Personal information
- Full name: N. Kannayiram Pillai
- Born: 20 October 1924 Madurai, Tamil Nadu, India
- Died: 1 January 1996 (aged 71) Madurai, Tamil Nadu
- Bowling: Right-arm fast-medium

Domestic team information
- 1948/49–1956/57: Madras
- 1948/49–1952/53: South Zone

Career statistics
| Competition | First-class |
| Matches | 25 |
| Runs scored | 552 |
| Batting average | 18.40 |
| 100s/50s | 0/1 |
| Top score | 56 not out |
| Balls bowled | 3,055 |
| Wickets | 48 |
| Bowling average | 29.77 |
| 5 wickets in innings | 2 |
| 10 wickets in match | 0 |
| Best bowling | 6/43 |
| Catches/stumpings | 6/– |
- Source: ESPNcricinfo, 3 December 2014

= N. Kannayiram =

Indian cricketer

N. Kannayiram (20 October 1924 – 1 January 1996) was a cricketer who played first-class cricket in India between 1948 and 1956. He toured the West Indies in 1952–53, but did not play Test cricket.

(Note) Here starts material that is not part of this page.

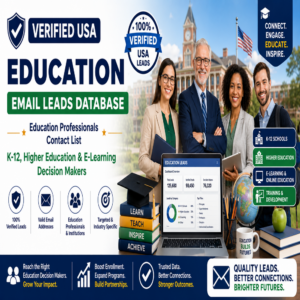 1 Million+ USA Education & Training Email Leads Database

Kannayiram was educated at Madras Christian College. A middle-order batsman and opening bowler, he captained the Madras University cricket team in the Rohinton Baria Trophy in 1948–49 and 1949–50 and played for Indian Universities in first-class matches against a Commonwealth XI in 1949–50 and MCC in 1951–52.

In 1948–49, in his first match for Madras, he took his best figures, 6 for 43 against Bombay in a quarter-final of the Ranji Trophy. In 1951–52 he took 6 for 59 against Mysore and a few days later made his highest score, 56 not out, playing for South Zone against the touring MCC.

He replaced Gopalaswamy Kasturirangan in the Indian team which toured the West Indies in 1952–53 after Kasturirangan and four others withdrew from the originally selected team. He played in three of the first-class matches, scoring 44 runs and taking two wickets. After the tour he played seven more matches for Madras over the next four seasons.

When the Madurai District Cricket Association was formed in 1958, Kannayiram was appointed as its first secretary. The trophy for the fourth division "A" section of the Tamil Nadu Cricket Association is named the "N. Kannayiram Shield" in his honour.